To resolve this issue, Mach-O binary has a fake jump into the symbols. Where as the original code calls an imported symbols, foo
, it actually calls to a function that redirect to the resolved address.
__text:
call foo_ ;; call foo, but with a holder
foo_:
load foo_addr_holder
call
foo_addr_holder:
0x000000
With the above scheme, the compiler can easily create a holder for the address and let the loader re-write the address at runtime. One draw-back to this scheme requires the loader to resolve all imported symbols' address holders. Result in a longer startup time. But Mach-O can also perform lazy binding, by following the below scheme.
__text:
call foo_ ;; call foo lazy
foo_:
load foo_addr_holder
call
foo_addr_holder:
foo_addr_resolver ;; re-writen by loader after resolving
foo_addr_resolver:
load foo_opcode_start_index ;; just a number
call loader_symbol_resolver
For lazy bind symbols, the Mach-O has a resolver for each lazy symbols, and the function is called on the first time calling. This function loads a number and call the resolver from the loader. When the loader resolver finished, the address holder of the lazy symbol is re-written to contain the address of the symbol.

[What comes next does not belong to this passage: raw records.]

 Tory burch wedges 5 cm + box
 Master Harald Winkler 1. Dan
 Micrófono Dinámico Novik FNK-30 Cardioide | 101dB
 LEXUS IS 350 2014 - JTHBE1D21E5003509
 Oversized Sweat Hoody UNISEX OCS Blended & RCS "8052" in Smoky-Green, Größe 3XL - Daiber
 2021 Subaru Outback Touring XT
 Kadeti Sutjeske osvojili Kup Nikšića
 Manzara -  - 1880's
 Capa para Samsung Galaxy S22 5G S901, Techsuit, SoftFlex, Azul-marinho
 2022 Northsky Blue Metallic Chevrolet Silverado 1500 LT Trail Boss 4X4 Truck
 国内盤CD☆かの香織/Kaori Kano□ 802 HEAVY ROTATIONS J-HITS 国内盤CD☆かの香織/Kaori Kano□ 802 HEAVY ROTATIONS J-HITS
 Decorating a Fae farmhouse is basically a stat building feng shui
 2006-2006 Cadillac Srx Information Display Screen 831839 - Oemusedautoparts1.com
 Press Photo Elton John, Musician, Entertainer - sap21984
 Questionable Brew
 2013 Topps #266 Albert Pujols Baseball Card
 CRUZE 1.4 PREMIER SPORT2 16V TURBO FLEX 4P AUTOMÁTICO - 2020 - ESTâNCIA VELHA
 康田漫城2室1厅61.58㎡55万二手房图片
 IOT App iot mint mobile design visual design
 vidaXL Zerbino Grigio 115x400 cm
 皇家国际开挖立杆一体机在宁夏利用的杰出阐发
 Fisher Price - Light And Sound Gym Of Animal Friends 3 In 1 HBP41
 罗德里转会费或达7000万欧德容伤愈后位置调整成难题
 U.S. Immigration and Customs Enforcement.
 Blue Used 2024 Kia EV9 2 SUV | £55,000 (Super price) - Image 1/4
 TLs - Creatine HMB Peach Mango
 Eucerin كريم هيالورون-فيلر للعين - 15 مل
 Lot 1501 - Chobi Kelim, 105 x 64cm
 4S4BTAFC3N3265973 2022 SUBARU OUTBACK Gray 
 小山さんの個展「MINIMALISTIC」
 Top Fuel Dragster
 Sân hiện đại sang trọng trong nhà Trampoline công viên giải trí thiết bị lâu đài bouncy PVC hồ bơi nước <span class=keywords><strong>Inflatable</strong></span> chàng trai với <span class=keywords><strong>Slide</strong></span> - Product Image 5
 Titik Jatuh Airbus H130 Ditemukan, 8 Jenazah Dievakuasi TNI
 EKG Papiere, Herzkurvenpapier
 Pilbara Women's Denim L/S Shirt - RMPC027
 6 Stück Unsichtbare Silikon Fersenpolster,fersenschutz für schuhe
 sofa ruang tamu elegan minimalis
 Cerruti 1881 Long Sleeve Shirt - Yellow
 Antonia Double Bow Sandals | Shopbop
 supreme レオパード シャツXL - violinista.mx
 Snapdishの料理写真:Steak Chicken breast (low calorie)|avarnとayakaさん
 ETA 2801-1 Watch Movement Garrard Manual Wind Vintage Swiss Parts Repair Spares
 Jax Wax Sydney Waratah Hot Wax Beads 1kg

The number that is passed into loader's resolver is the index into the row of the lazy bind symbol of the correspondent symbol.
In Mach-O, the section for address holder or __nl_symbol_ptr
and __la_symbol_ptr
for non lazy (first scheme) and lazy (second scheme) symbols, respectively. The resolver section is called __stub_helper
. In Go generated binaries, non lazy symbols section is named __got
.
exported symbols
is encoded as a prefix-trie
, where each node holds an export symbol. The symbol can be Regular, Weak, Reexport, or Stub. Regular symbol has an address field, which is the offset from Mach-O. The parsing of the trie is quite simple, but requires a little recursive writting. Apple also write the encoding process in the Mach-O headers.
For regular symbols, the offset collected is the file offset of the Mach-O. This way, when searching for the function the loader can easily calculate the address on memory. The trie can also speed up searching by only follow the branch that matches the symbol to be found.